This is how we know we are in him: whoever claims to live in him must walk as Yeshua did. 1 John 2:5-6 (NIV)
Walk – It seems pretty clear, doesn’t it? John says that if we claim to be in Christ, we must walk as He did. The Greek verb, peripateo, is a nice Hebrew idiom translated into Greek. In Hebrew, it would be halach, used figuratively to express a way of life. Even today the Jewish community uses the term halachah to describe rules for living. So, John is merely telling us that Jesus observed certain halachah, and we need to do the same.
Ah, now you know what’s coming. What were Jesus’ rules for living? If you want to claim to be His follower, then you need to follow Him. Apparently John didn’t think that following meant sort of imitating the general style of life that Jesus might have adopted in the modern world. Apparently John was not concerned about being relevant to the culture. John was concerned about particular and specific patterns of obedience. He tells us that the claim to be a disciple will manifest itself in our lives because we will observe the same things that Jesus observed. Shall we make a list?
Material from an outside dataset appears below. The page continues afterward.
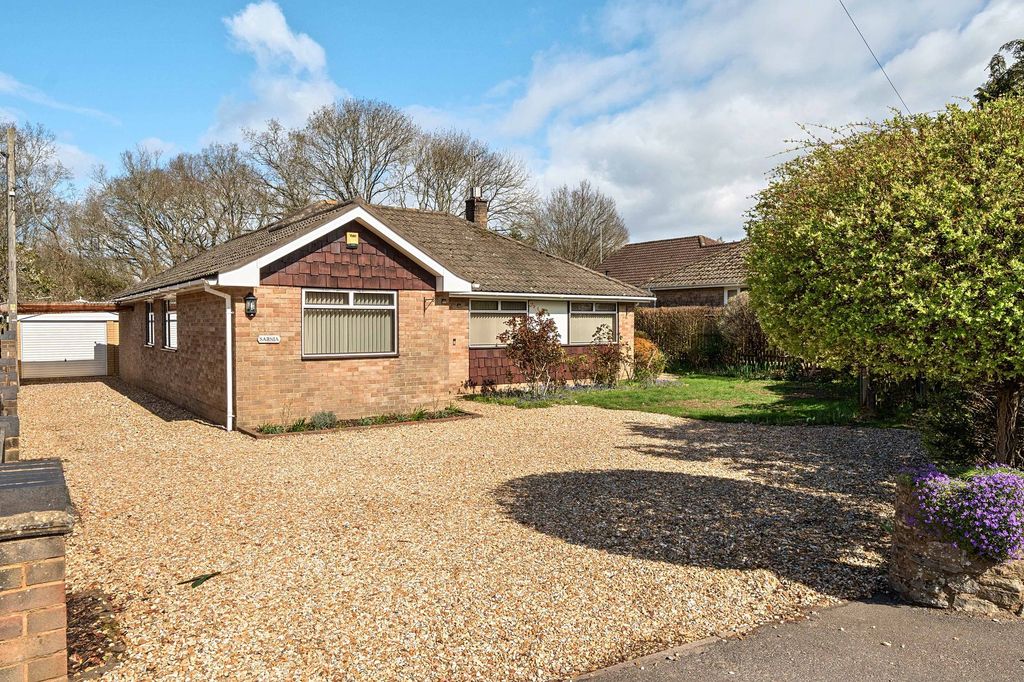 Property photo 1 of 27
Go read the Gospels again. Each time you see Jesus displaying a behavior, ask yourself if that action is also present in your life. Don’t spiritualize it! John is not suggesting that walking means traveling in generally the same direction. John is saying that what Jesus did, we must do. So, we could start with Jesus’ actions with regard to worship. Oops! Maybe we better skip that one since it was Jesus’ practice to go to a synagogue and participate in a worship service that had its roots in the tabernacle and the temple. Maybe we should start with His actions in the community. Ah, maybe not. It looks as if Jesus was constantly putting others before His own needs. It looks as if He acted without regard to personal concern. It looks like He embraced all genders and all ethnic varieties and all enemies as equal. Let’s move on. Maybe we could just have a ham sandwich and a soda and think about all this. Oh, that doesn’t work either. Jesus was kosher. Goodbye shrimp cocktails.
Maybe John was wrong. Maybe he forgot about grace. Under grace, we don’t have to pay attention to halak, do we? After all, we’re free. We can worship God anyway we want, can’t we? We can live any kind of life we want, as long as it’s morally correct, right? We don’t have to be Jewish. Just because John and Paul and James and Matthew and a bunch of other first century disciples actually did what Jesus did doesn’t mean we have to, does it?
Do you ever wonder why we systematically filter out the obvious implications of what the New Testament authors say in favor of a lifestyle that accommodates contemporary culture? Do you ever wonder why we elevate the principle of love beyond the acts of obedience? Do you ever wonder why none of the writers of the New Testament do the same thing? They seem to think that the way Jesus walked is the way we should walk, but what do they know? They didn’t have to deal with the pressures we face, did they? Weren’t their lives a lot easier? After all, it was only life and death for them. They didn’t have to commute.